**PROBLEM REQUIREMENTS:**
Leave out the pictures and repeat the data exactly.

**MATERIAL PROVIDED:**
-------

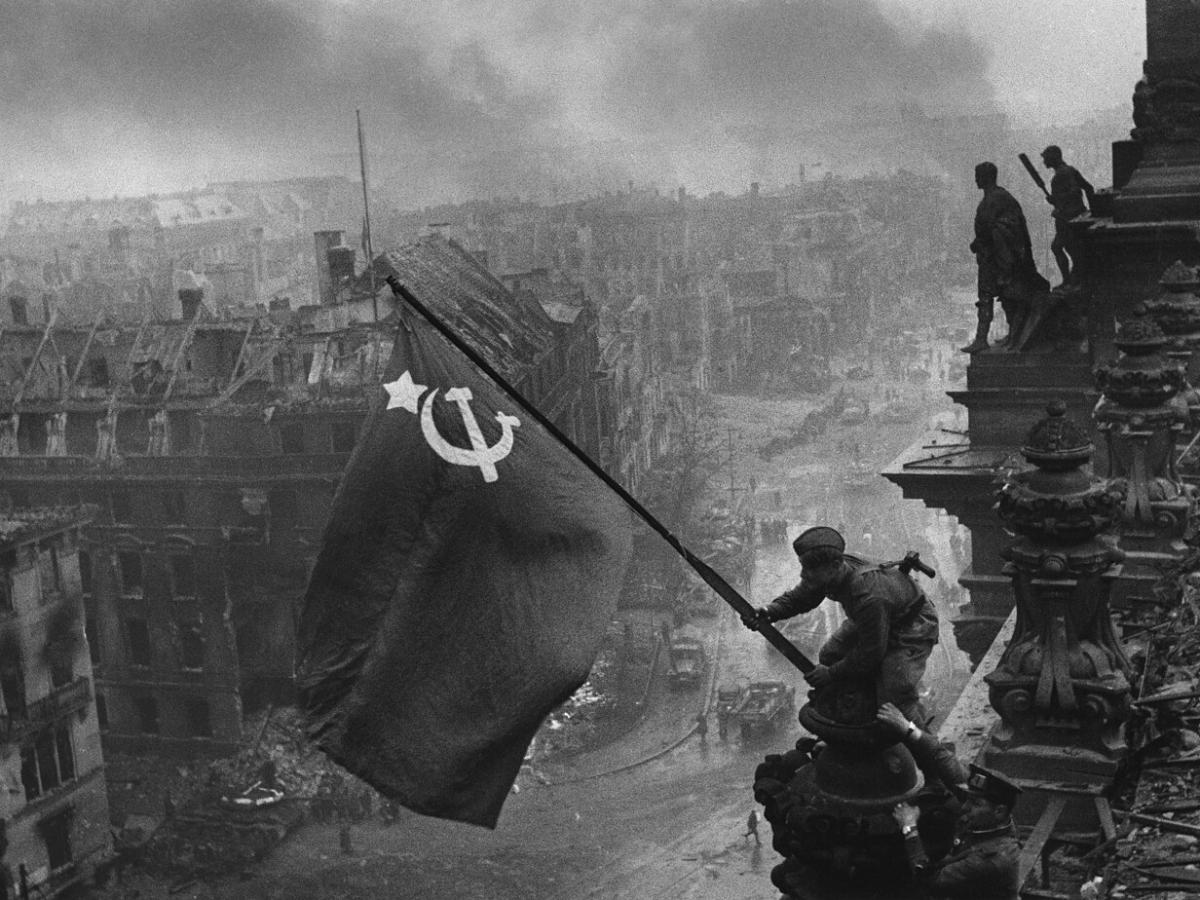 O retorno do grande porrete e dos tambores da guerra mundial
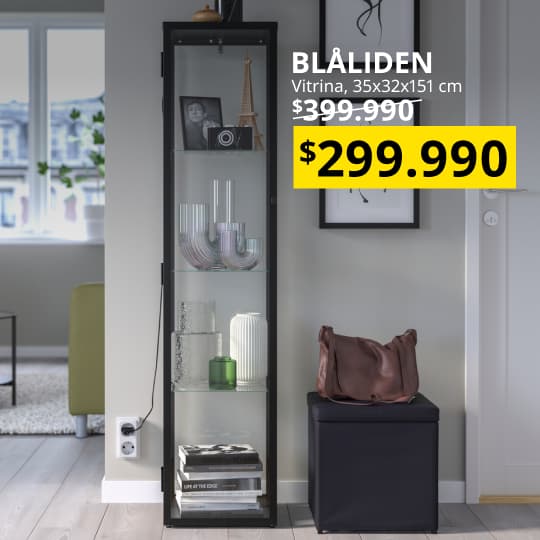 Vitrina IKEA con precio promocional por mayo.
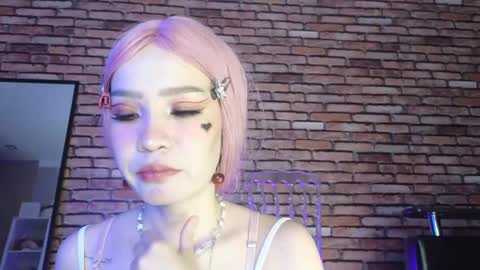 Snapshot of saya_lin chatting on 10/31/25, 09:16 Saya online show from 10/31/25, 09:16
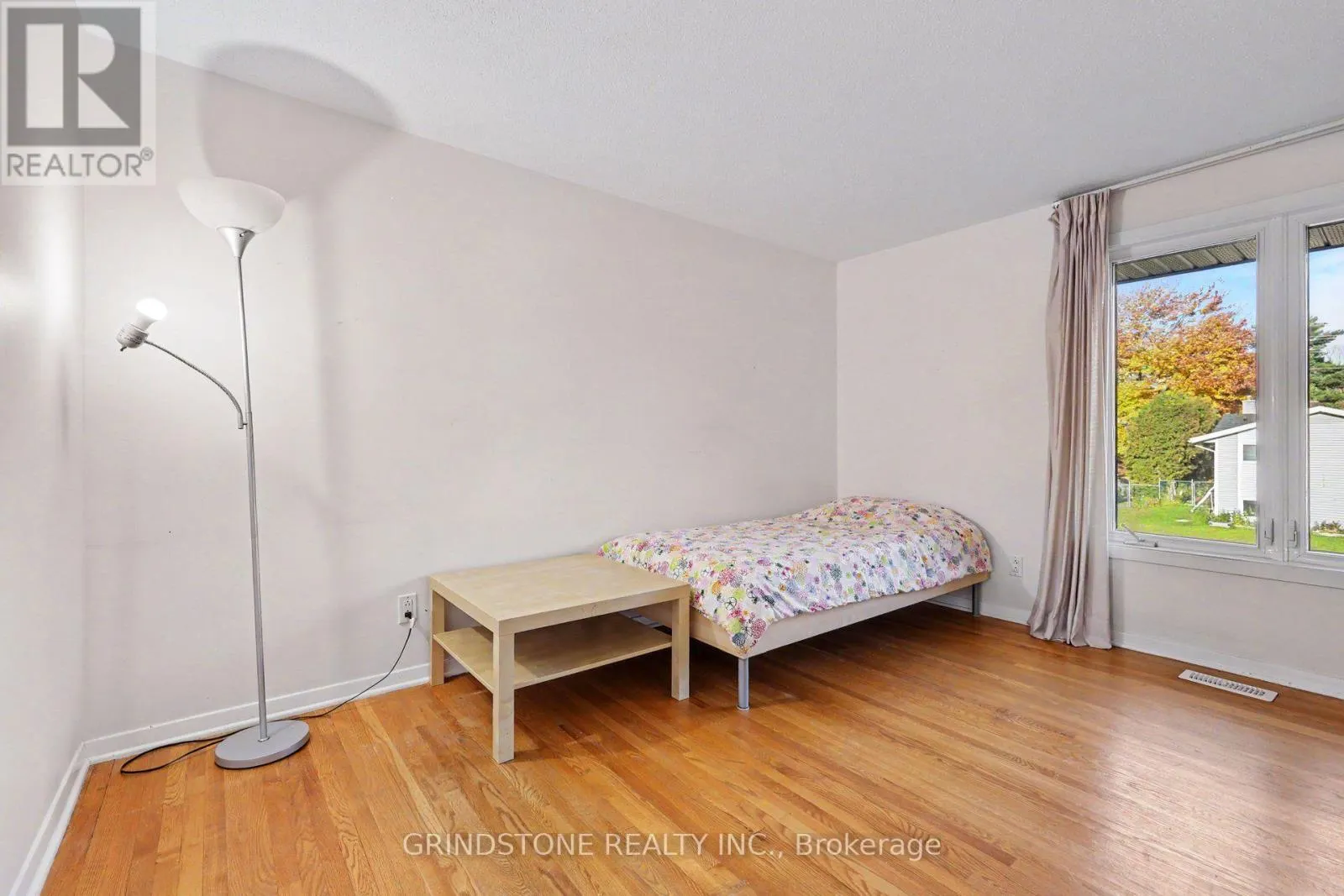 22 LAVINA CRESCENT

-------

**EXERCISE ANSWER:**
 O retorno do grande porrete e dos tambores da guerra mundial
 Vitrina IKEA con precio promocional por mayo.
 Snapshot of saya_lin chatting on 10/31/25, 09:16 Saya online show from 10/31/25, 09:16
 22 LAVINA CRESCENT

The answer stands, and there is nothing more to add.